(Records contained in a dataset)
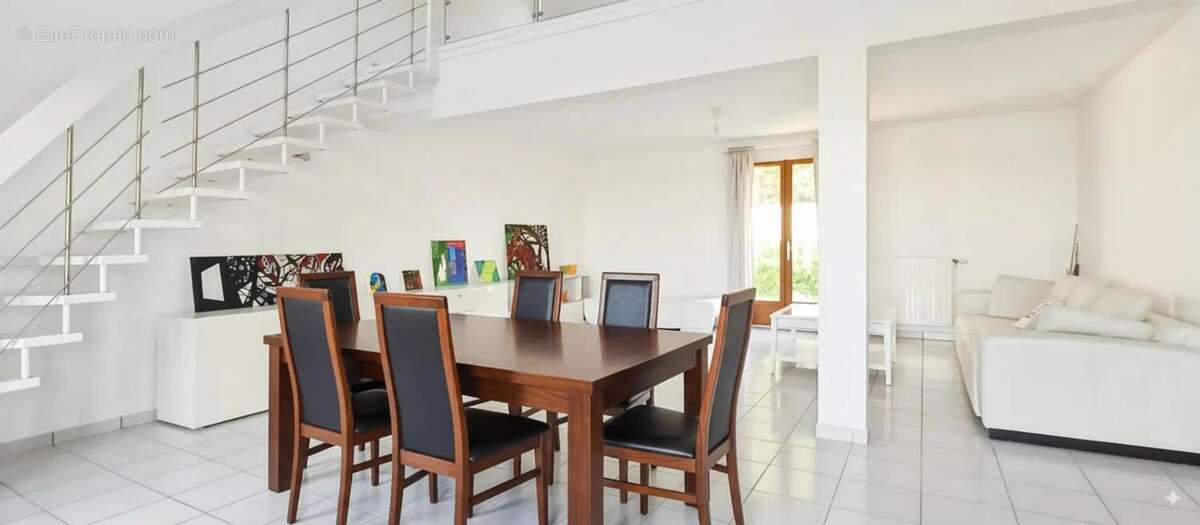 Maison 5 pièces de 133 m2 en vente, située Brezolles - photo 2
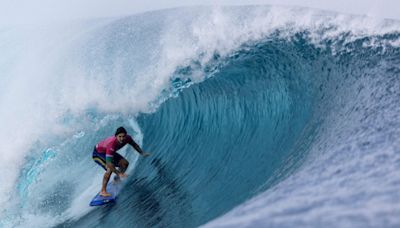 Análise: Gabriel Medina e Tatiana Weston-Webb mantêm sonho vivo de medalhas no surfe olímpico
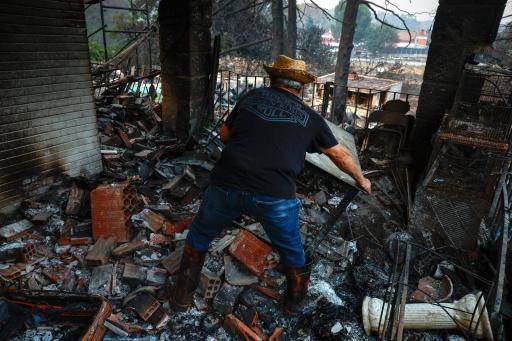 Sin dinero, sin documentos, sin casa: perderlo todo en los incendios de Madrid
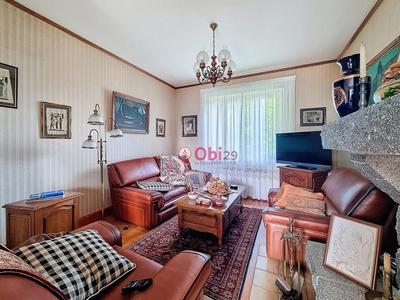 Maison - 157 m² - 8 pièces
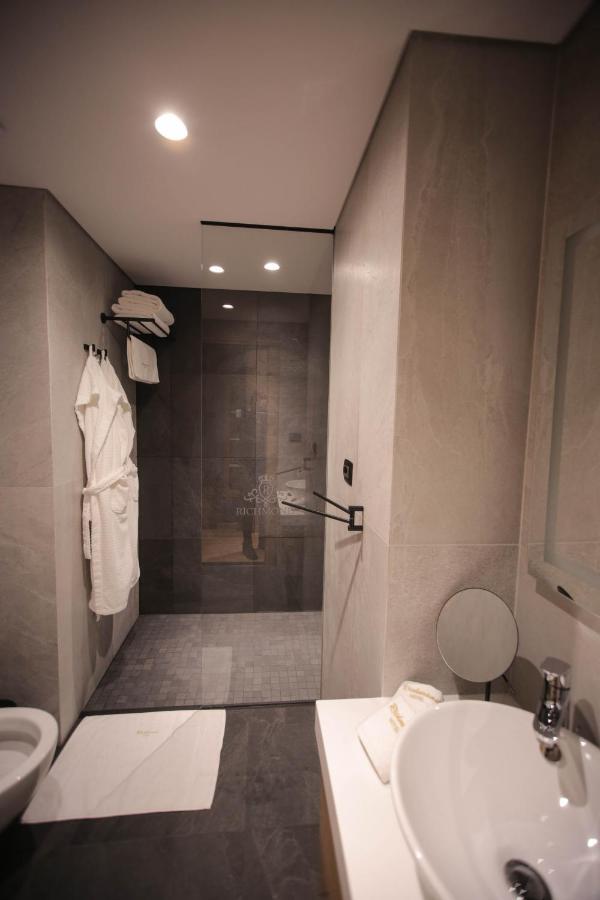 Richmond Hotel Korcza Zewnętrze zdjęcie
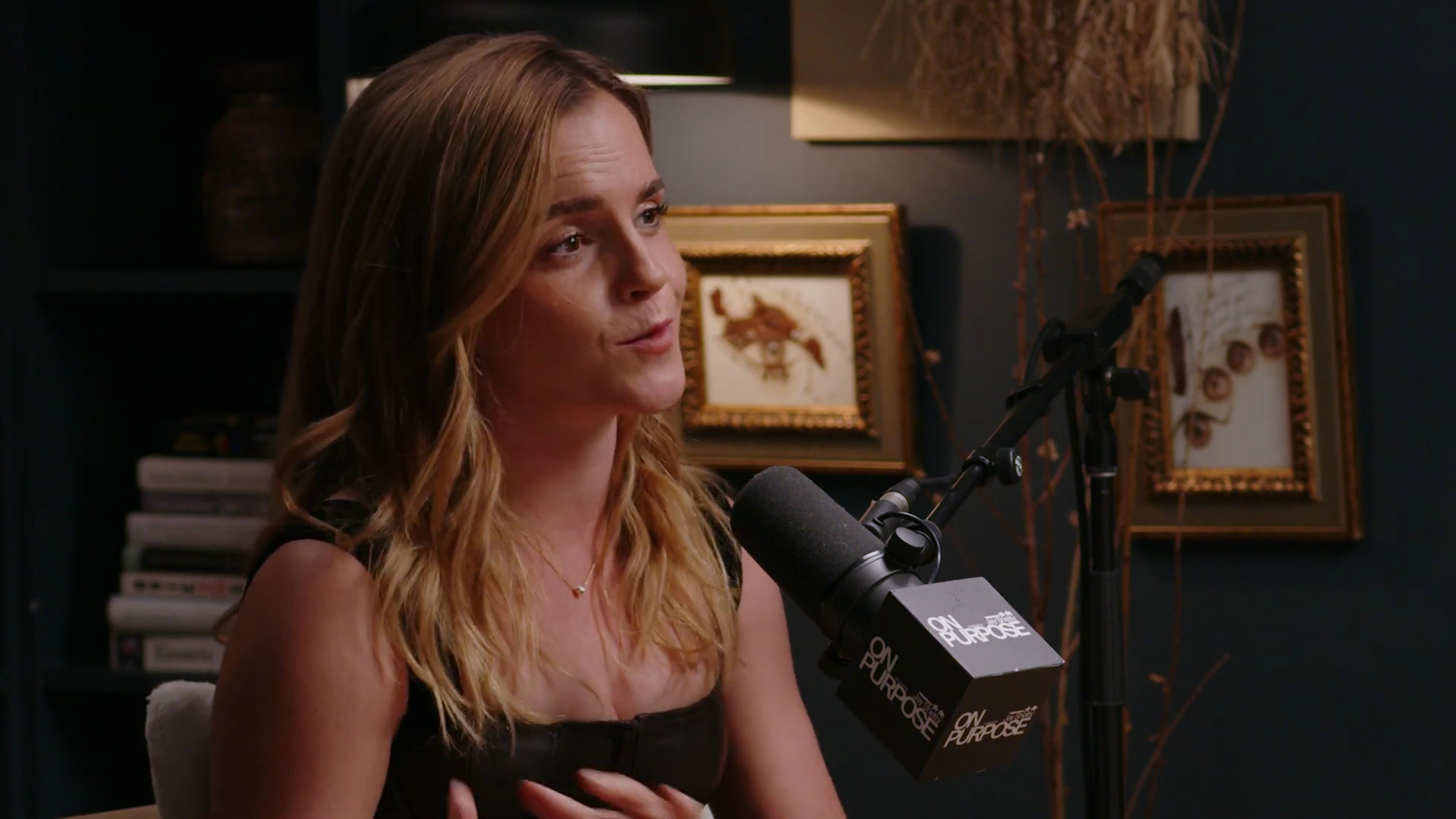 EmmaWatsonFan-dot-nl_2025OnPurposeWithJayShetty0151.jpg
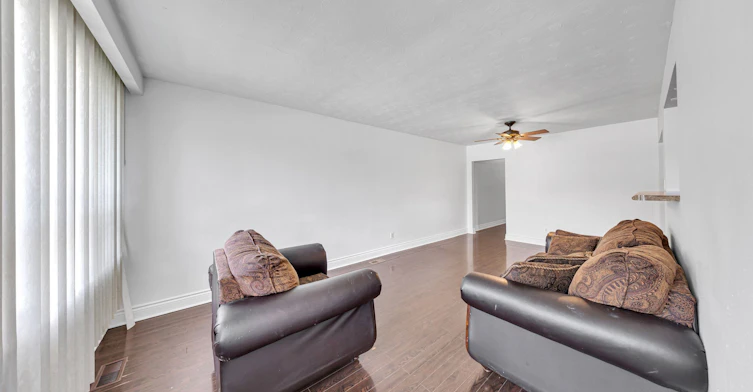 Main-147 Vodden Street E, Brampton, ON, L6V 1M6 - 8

- _Assignment_
Restate, word for word, each line from the line containing "Análise: Gabriel Medina" through the end of the entries above; the pictures are not part of the copy.

- _Response_
 Análise: Gabriel Medina e Tatiana Weston-Webb mantêm sonho vivo de medalhas no surfe olímpico
 Sin dinero, sin documentos, sin casa: perderlo todo en los incendios de Madrid
 Maison - 157 m² - 8 pièces
 Richmond Hotel Korcza Zewnętrze zdjęcie
 EmmaWatsonFan-dot-nl_2025OnPurposeWithJayShetty0151.jpg
 Main-147 Vodden Street E, Brampton, ON, L6V 1M6 - 8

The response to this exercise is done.